It seems a general trend that you think that people in other fields do a better job than in your own. I'm not convinced that chemists are that "disciplined." After all, the quote "A month in the laboratory can often save an hour in the library." is attributed to the chemist Frank Westheimer.

Is there anything about code reviews which is makes them especially hard to integrate into a cheminformatics project?

A) Topping the list is that most developers in this field come from science, not software development. Many have little in the way of formal or even informal training. I don't know that many have heard of code reviews, much less experienced the advantages it can bring.

B) Most of the projects I know of are small, with only one or two people working on it. Those with several people often break the code into parts with one person working on each part. (This is Conway's Law taken to its extreme.) How do you find people who are interested in reviewing your code?

Openly publishing your code on the web can help, but managing a public project - getting to the code to work outside of your personal development environment, maintaining the documentation, and so on - is hard. Sometimes it feels like a matter of faith, hoping that someone else will take enough interest in your project to make it worthwhile.

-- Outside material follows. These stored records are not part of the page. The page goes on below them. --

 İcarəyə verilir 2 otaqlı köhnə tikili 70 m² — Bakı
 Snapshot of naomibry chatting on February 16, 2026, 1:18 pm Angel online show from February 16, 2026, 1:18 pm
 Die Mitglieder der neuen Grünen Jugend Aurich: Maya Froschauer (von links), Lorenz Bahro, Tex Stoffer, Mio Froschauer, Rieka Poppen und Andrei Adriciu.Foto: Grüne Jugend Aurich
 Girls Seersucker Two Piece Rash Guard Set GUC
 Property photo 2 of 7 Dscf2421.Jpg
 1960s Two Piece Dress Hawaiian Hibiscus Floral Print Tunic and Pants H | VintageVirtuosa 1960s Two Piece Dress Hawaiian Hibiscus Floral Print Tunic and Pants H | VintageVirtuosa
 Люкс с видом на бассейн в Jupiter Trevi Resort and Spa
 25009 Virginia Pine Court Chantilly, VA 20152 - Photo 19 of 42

C) Cheminformatics, like I imagine most of science, has a tradition of releasing "complete" research, not ongoing research. The prime means of communication in cheminformatics is peer-reviewed journal articles. Those are supposed to present novel (and hopefully interesting) results. You would think the culture of peer-review would permeate the culture, but it doesn't really. Here's a quote from Helga Kragh's biography on Dirac:

Ehrenfest was much impressed by Dirac but found it difficult to understand the papers of this British wizard of quantum mechanics. He was therefore delighted when on one occasion Dirac was asked a question to which he, just for once, could not give an immediate and precise answer. "Writing very small he [Dirac] made some rapid calculations on the blackboard, shielding his formulae with his body. Ehrenfest got quite excited: 'Children,' he said, 'now we can see how he really does his work.' But no one saw much; Dirac rapidly erased his tentative calculations and proceeded with an elegant exposition in his usual style."
I can't say why Dirac was this way. I only point out that his results were the more important matter, and not they way he got to them. On the other side, Erdõs was very open about collaborations and discussing his ideas. I propose that peer review and code review are actually rather distinct ideas.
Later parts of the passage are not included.